DeBERTa V2 Base Japanese

Property	Value
Parameter Count	137M
License	CC-BY-SA-4.0
Training Data	Wikipedia, CC-100, OSCAR
MLM Accuracy	0.779

What is deberta-v2-base-japanese?

The deberta-v2-base-japanese is a sophisticated Japanese language model based on the DeBERTa V2 architecture, specifically trained on a massive corpus of Japanese text. Developed by ku-nlp, this model represents a significant advancement in Japanese natural language processing, incorporating 137 million parameters and achieving impressive performance across various NLP tasks.

Implementation Details

The model was trained on a combined 171GB dataset comprising Japanese Wikipedia, CC-100, and OSCAR corpora. Training utilized 8 NVIDIA A100-SXM4-40GB GPUs over three weeks, implementing advanced tokenization through Juman++ and sentencepiece with 32,000 tokens.

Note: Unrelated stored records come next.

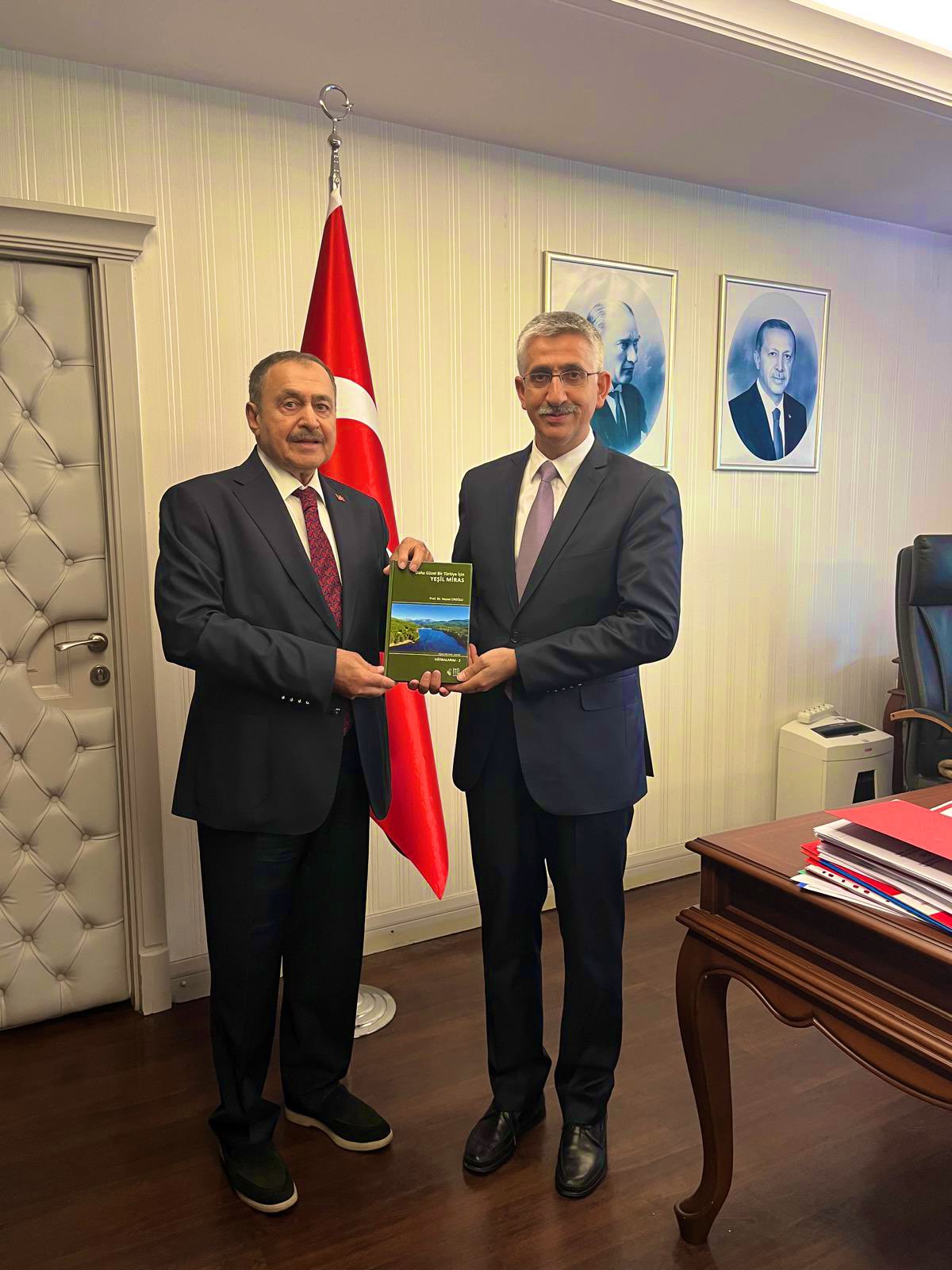 Orman ve Su İşleri eski Bakanı Prof. Dr. Veysel Eroğlu,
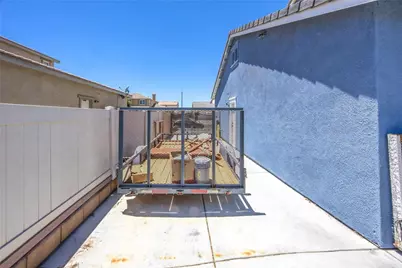 12763 Trent Place, Victorville, CA 92392 - Photo 15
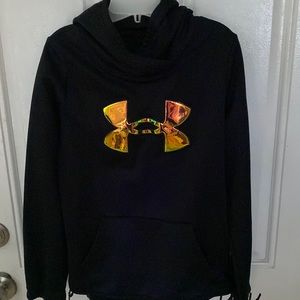 Girls Under Amour hoodie in great condition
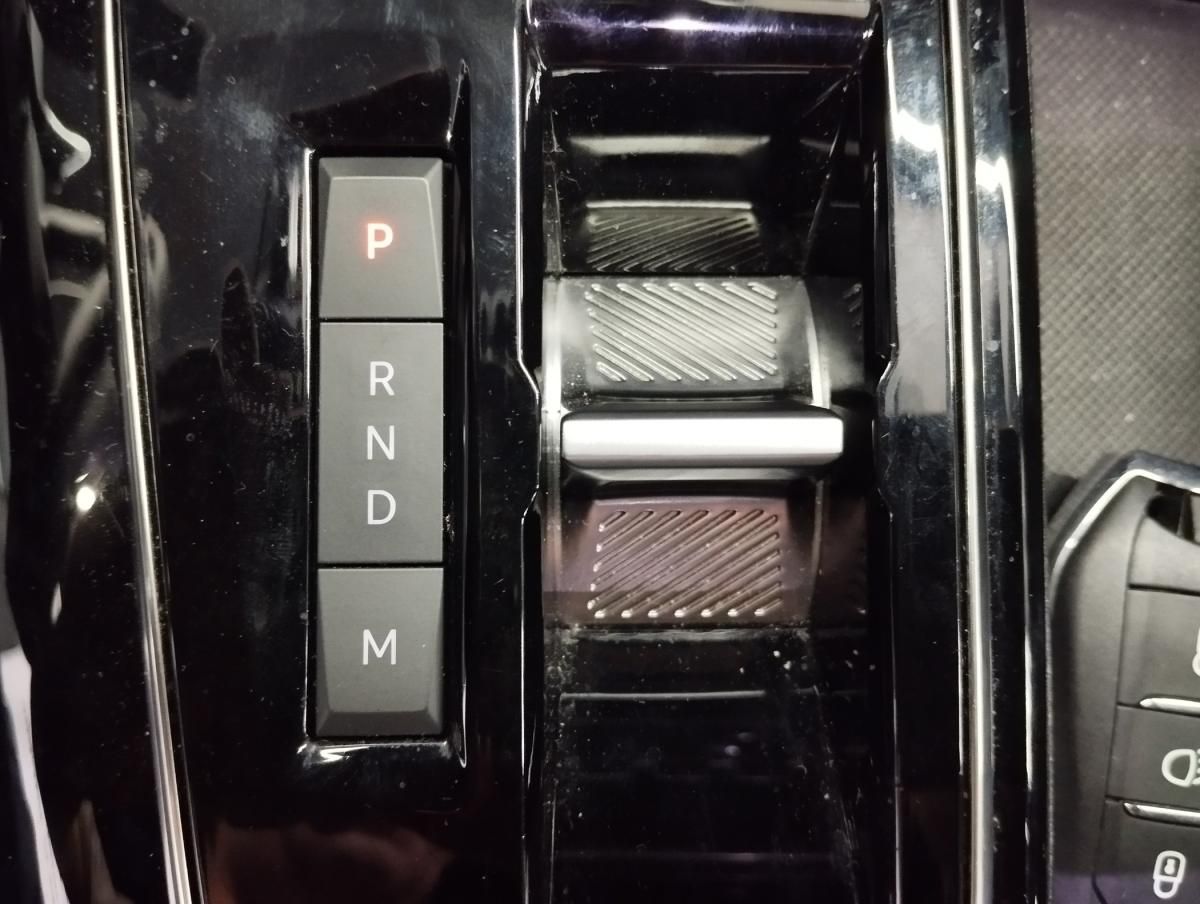 peugeot-3008-2023-diesel-1499cc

Training batch size: 2,112
Learning rate: 2e-4
Training steps: 500,000
Sequence length: 512

Core Capabilities

Masked Language Modeling with 0.779 accuracy
Strong performance on JGLUE benchmark tasks
Specialized for Japanese text processing
Support for fine-tuning on downstream tasks

Frequently Asked Questions

Q: What makes this model unique?

This model combines DeBERTa V2's advanced architecture with comprehensive Japanese language training, utilizing a unique word segmentation approach through Juman++ and achieving competitive performance on various Japanese NLP benchmarks.

Q: What are the recommended use cases?

The model excels in masked language modeling tasks and can be fine-tuned for various downstream applications including sentiment analysis (MARC-ja), textual similarity (JSTS), natural language inference (JNLI), and question answering (JSQuAD, JComQA).